Now, one could argue that this entire article is but an argument from silence. But that is precisely the point. The precepts of the Church have never been put under double-secret probation. The whole purpose of the precepts are to make quite clear and quite well-known bedrock ecclesial principles. If something is not listed as a precept of the Church in any list by any father, Doctor, saint or council of the Church, then it isn't a precept of the Church, no matter how much some random lay person, priest or even individual bishop might wish it to be.
So, according to the Catholic Encyclopedia, the Baltimore Catechism did not just back away from the idea that Catholics should evangelize everyone concerning the Faith, even their own spouses. It would be bad enough if this were true, but it is worse. Instead, again, according to the Catholic Encyclopedia, the Baltimore Catechism actively misrepresented the Third Plenary Council's summary of the Church's precepts.
The Baltimore Catechism has many faults.
- It is not logically structured, it does not begin with the Trinity as Aquinas did, but is instead structured almost haphazardly.
- It is a question-answer catechism that consciously imitates Protestant catechetical methods (few today realize that Martin Luther's 1529 Small Catechism was the first question-answer catechism in history).
- It is a catechism that teaches the sacraments in the wrong order, placing Confirmation after First Eucharist when all Magisterial documents clearly show the order of sacramental initiation is baptism, confirmation, Eucharist.
- It is a catechism that is meant to teach only small children, but continues to be sought out by adults who have clearly never gotten beyond a child's understanding of the Faith.
I gave you milk, not solid food, for you were not yet ready for it. Indeed, you are still not ready. (1 Cor 3:2)When it comes to adult evangelization, the Baltimore Catechism is a hot mess. Due to its defects, it is really not any great shakes at teaching children either.

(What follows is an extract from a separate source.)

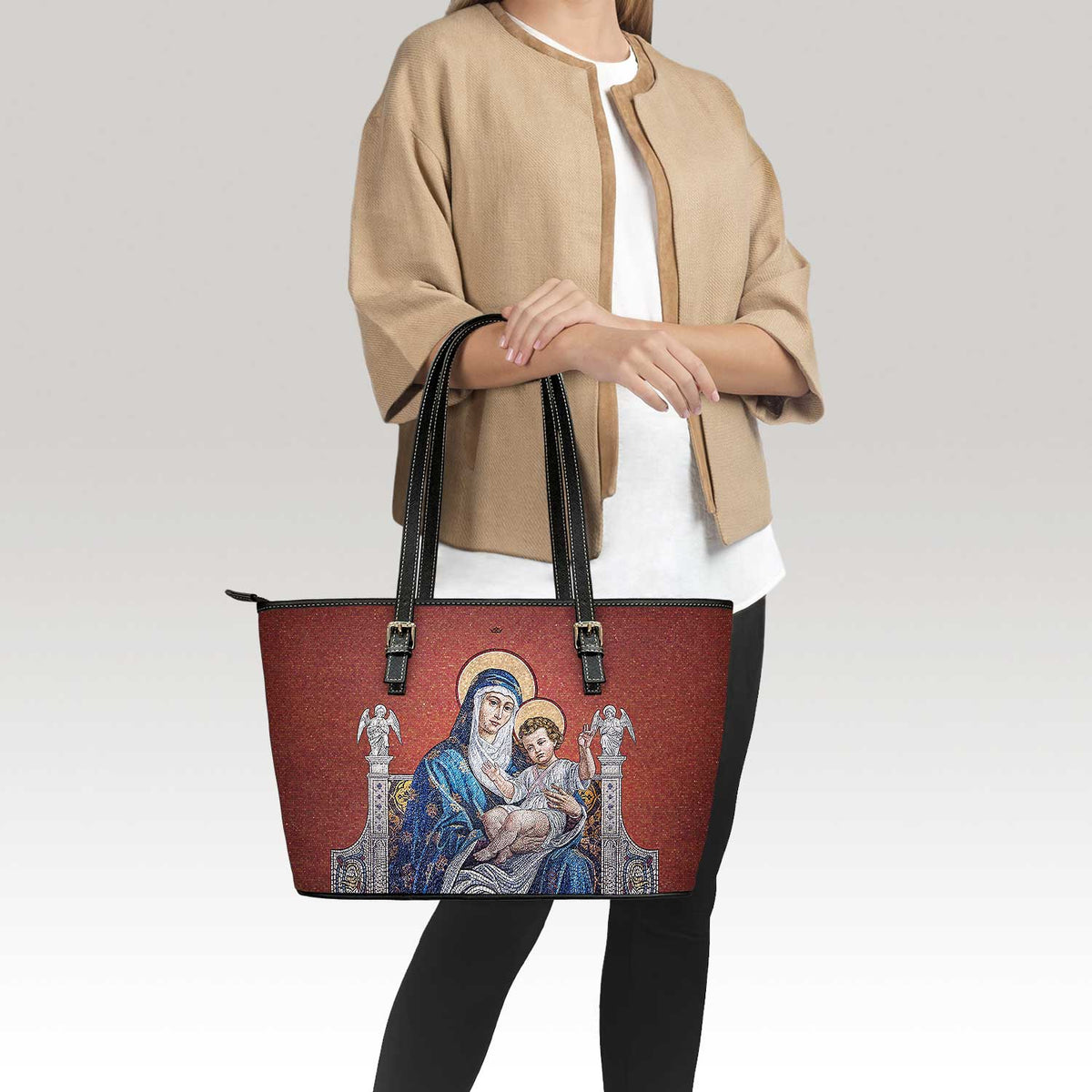 Mosaic Madonna and Child Tote Bag (Royal Red) Copyright VENXARA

"When I was a child, I spoke as a child, I understood as a child, I thought as a child. But, when I became a man, I put away the things of a child. (1 Cor 13:11)It is time for Catholic adults to become adults in the Faith. Adults learn by reading the Fathers of the Church, the saints of the Church, the councils of the Church. Adults put away childish toys like the Baltimore Catechism. Indeed, given what we have seen here, adults would be better off teaching our children directly from the writings of the saints and the Fathers, and ignoring the Baltimore Catechism entirely.